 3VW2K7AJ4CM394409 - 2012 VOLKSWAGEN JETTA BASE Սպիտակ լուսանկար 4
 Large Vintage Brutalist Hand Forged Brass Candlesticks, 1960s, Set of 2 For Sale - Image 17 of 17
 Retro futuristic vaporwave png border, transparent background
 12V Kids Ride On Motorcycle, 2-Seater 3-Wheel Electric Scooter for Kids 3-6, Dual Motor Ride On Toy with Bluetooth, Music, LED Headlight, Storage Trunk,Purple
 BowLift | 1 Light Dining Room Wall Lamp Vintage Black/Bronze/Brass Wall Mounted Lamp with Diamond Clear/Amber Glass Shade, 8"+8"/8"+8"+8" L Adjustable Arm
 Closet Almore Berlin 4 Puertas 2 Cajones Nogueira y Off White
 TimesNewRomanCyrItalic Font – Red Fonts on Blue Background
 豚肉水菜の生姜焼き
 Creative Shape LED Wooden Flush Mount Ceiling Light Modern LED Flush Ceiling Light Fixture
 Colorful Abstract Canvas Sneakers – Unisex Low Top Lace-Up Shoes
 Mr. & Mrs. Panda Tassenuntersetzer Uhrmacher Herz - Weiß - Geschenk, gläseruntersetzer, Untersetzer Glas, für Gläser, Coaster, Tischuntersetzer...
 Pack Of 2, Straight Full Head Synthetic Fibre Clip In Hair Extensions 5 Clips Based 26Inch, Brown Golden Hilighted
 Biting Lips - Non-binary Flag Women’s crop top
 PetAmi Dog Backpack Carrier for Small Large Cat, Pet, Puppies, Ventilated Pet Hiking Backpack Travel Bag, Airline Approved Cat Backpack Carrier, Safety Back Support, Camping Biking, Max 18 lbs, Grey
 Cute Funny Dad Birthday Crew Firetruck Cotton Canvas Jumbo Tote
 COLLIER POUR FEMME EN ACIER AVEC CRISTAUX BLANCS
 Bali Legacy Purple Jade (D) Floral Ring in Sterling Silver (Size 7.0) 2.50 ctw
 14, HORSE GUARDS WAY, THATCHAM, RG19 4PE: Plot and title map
-=-=-=-=-
- What you will do: Retype the records above exactly, from their first line through the line that contains "COLLIER POUR FEMME", and stop there.

- Reply:
 3VW2K7AJ4CM394409 - 2012 VOLKSWAGEN JETTA BASE Սպիտակ լուսանկար 4
 Large Vintage Brutalist Hand Forged Brass Candlesticks, 1960s, Set of 2 For Sale - Image 17 of 17
 Retro futuristic vaporwave png border, transparent background
 12V Kids Ride On Motorcycle, 2-Seater 3-Wheel Electric Scooter for Kids 3-6, Dual Motor Ride On Toy with Bluetooth, Music, LED Headlight, Storage Trunk,Purple
 BowLift | 1 Light Dining Room Wall Lamp Vintage Black/Bronze/Brass Wall Mounted Lamp with Diamond Clear/Amber Glass Shade, 8"+8"/8"+8"+8" L Adjustable Arm
 Closet Almore Berlin 4 Puertas 2 Cajones Nogueira y Off White
 TimesNewRomanCyrItalic Font – Red Fonts on Blue Background
 豚肉水菜の生姜焼き
 Creative Shape LED Wooden Flush Mount Ceiling Light Modern LED Flush Ceiling Light Fixture
 Colorful Abstract Canvas Sneakers – Unisex Low Top Lace-Up Shoes
 Mr. & Mrs. Panda Tassenuntersetzer Uhrmacher Herz - Weiß - Geschenk, gläseruntersetzer, Untersetzer Glas, für Gläser, Coaster, Tischuntersetzer...
 Pack Of 2, Straight Full Head Synthetic Fibre Clip In Hair Extensions 5 Clips Based 26Inch, Brown Golden Hilighted
 Biting Lips - Non-binary Flag Women’s crop top
 PetAmi Dog Backpack Carrier for Small Large Cat, Pet, Puppies, Ventilated Pet Hiking Backpack Travel Bag, Airline Approved Cat Backpack Carrier, Safety Back Support, Camping Biking, Max 18 lbs, Grey
 Cute Funny Dad Birthday Crew Firetruck Cotton Canvas Jumbo Tote
 COLLIER POUR FEMME EN ACIER AVEC CRISTAUX BLANCS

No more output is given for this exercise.